After school hang out
“Every school has its spirit.”
Directors/Writers: Chris Lofing & Travis Cluff / Cast: Reese Mishler, Pfeifer Brown, Ryan Shoos, Cassidy Gifford.
Body Count: 6
I don’t really ‘do’ theater. I get it, I have a couple of friends who tread the boards and have respect for them having to memorise all those lines without the ability for a second take, but I like shots, angles, playful camerawork.
The Gallows is a found footage production that orbits around a seemingly cursed high school play of the same name. In 1993, the lead actor was killed when part of the stage collapsed and he was hanged.
Not hung. It’s never hung unless it’s a Grindr chat, it’s hanged.
Twenty years later – never nineteen, never twenty-one – the school is again staging The Gallows, and leading man/ex-footballer Reese is having trouble with his lines. Filmed/bugged by his very irritating buddy Ryan, Reese soon lets slip that the only reason he’s doing the play is to get close to leading lady, Pfeifer. Some people are superstitious, and nobody is supposed to say the name of the guy who died – Charlie.
Asshole Ryan convinces Reese that the best course of action is to return to school at night and wreck the props so that the play can’t go ahead: He doesn’t have to embarrass himself by screwing up his lines, and doesn’t have to ruin his chances with Pfeifer by dropping out.
Sneaking in through an unlockable door Ryan found earlier, the two boys and cheerleader Cassidy, start to dismantle things when they hear a loud noise. Turns out Pfeifer was passing by and saw Reese’s car outside and thought he’d come to practice…
The truth comes out and, amidst the arguments it causes, the teens find themselves locked in. Even the unlockable door won’t budge. Then things move, dismantled pieces of the set have been fixed, a TV is found playing to itself – footage of the original incident no less.

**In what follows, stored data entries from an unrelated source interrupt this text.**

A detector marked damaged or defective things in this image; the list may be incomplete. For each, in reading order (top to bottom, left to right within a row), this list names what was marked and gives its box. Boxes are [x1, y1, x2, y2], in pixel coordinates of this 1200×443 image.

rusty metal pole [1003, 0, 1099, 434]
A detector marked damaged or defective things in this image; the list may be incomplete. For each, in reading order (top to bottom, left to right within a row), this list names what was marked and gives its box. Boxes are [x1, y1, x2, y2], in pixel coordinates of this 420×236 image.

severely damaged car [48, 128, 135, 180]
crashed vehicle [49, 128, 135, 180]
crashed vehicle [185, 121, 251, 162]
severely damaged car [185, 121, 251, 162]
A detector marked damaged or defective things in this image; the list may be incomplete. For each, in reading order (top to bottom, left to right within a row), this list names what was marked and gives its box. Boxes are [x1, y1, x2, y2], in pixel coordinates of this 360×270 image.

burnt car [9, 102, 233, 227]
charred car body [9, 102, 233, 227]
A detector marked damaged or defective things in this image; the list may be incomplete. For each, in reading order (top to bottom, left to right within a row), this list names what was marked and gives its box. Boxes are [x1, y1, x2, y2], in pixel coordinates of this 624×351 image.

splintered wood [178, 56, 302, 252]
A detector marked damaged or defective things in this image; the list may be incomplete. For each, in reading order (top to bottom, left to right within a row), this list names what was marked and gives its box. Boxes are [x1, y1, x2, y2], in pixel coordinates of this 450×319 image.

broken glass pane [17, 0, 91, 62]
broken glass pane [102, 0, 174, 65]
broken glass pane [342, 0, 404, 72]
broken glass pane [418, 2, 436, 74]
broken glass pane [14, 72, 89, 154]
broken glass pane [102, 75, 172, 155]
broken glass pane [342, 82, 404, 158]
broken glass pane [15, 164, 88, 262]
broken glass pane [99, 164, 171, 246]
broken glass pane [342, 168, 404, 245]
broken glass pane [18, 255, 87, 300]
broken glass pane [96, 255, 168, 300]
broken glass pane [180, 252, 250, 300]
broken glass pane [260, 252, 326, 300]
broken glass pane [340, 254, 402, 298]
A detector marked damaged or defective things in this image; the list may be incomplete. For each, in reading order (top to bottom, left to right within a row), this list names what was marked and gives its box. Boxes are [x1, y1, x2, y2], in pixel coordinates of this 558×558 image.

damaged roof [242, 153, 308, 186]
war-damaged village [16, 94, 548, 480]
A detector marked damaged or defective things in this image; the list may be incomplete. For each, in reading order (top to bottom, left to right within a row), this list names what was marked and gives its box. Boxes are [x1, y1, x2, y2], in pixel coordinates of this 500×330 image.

It ramps up to doors that slam themselves, Ryan is thrown from a ladder, and apparitions of an executioner begin to manifest – Charlie appears to have woken up and traps each of them alone for a ritual hanging. There’s no slashing in this slasher, just rope.
The real ghost that haunts proceedings is that of The Blair Witch. Ever since 1999, FF horror has cropped up with regularity and a different spin on the same motifs – much like the slasher genre in that sense, it’s cursed by its own parameters, largely unable to evolve very much.
The real test with any FF film lies in the acting – can the usually small cast shoulder the burden of making their reactions sufficiently realistic? In the case of The Gallows I’d say yes. There’s not a weak link to speak of, and, like Blair Witch, the actors’ first names match their characters, possibly for ease of use in improvised moments where shouting Stacey instead of Joan could necessitate and entire reshoot since the last ‘cut’. Their fictional counterparts could do with a bit of a likeability shot though.
A fair twist surfaces at the end, which ties a neat bow atop things effectively enough. If anything, the entire production suffers from its seen-this-before quality (rich coming from a slasher movie fan, granted), but it’s got a couple of good jump scares and doesn’t grind on longer than is welcome.